Week 7: Low-Fidelity Prototyping

Elise Colbert
Made by Many NYC Internship
3 min readJul 15, 2016
Conducting user testing over Google Hangouts (Photo by Adam Brodowski).

Design for Testing

Last week we decided to pursue our sketch of a disappearing journal into a semi-interactive prototype. This week was all about figuring out what we wanted to test next. We came up with a few key hypotheses of statements we believed to be true based on our user research and testing the paper prototypes. The point of this exercise is to determine what information we want to prove during our next round of testing.

  1. People prefer to reflect daily instead of only after hard situations.
  2. People prefer to exert low effort even if the benefits may be less valuable.
  3. People prefer to use products with validated sources.
  4. People prefer their journal entries to be ephemeral rather than permanent.
  5. People want to track their mental health progress.
  6. People with anxiety want to share their experiences with other users.

To test these hypotheses, we talked about how we could design prototypes to encourage reactions from users. One of the things we’ve learned during our time at MxM is how to design for testing. That is, design extremes that could be completely wrong so that the user will respond either extremely negatively or extremely positively. This is the most valuable kind of feedback because our users will say things like, “I love this feature because ______” or “I hate this and I would never use it because it doesn’t have ______”.

Keeping this in mind, Sherry made some awesome designs (see below) for the product flow in Sketch and moved it into InVision for testing. For many of the features, we tested two different possibilities. For example, we want to analyze data from the journal entries but weren’t sure how the user would want to see their data. Therefore, we came up with two opposing ideas to get reactions from. As seen in the screenshot below, a word cloud and a color map would be two ways to visualize trends from journal entries.

Two of Sherry’s designs from the InVision prototype.

Our six interviews on Wednesday through Friday went very well!

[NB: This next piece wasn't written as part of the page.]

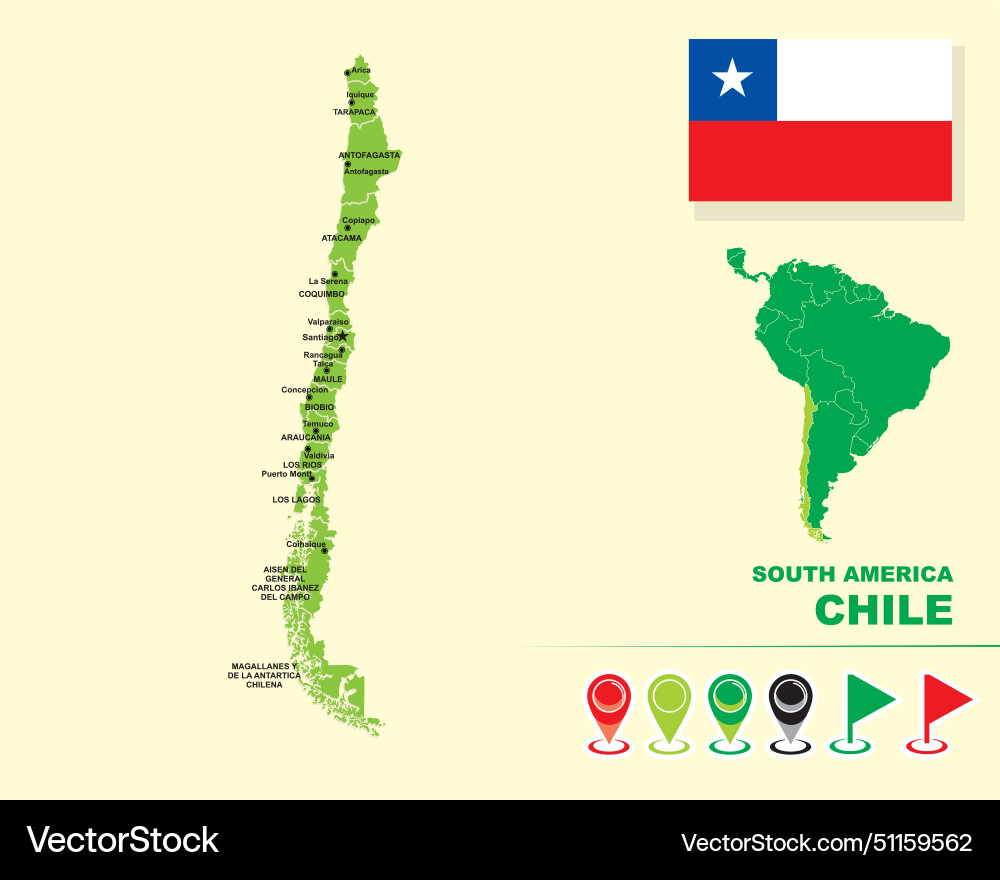 Chile map Royalty Free Vector Image - VectorStock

All of our users were excited about the prototype and responded very positively to the idea as a whole. Plus, we now have a more clear direction for what to do next week when making a higher-fidelity prototype.

Another exciting thing about this week is that we prepared for our first sprint, which will begin next week. HJ and I set up a SCRUM board and we are now starting to populate it with epics. On Monday we will all sit down together to come up with the user stories and continue planning for the first sprint.

Until then, Debbie, Sherry and I will be synthesizing for the rest of Friday afternoon while snacking on these donuts:

See you next week!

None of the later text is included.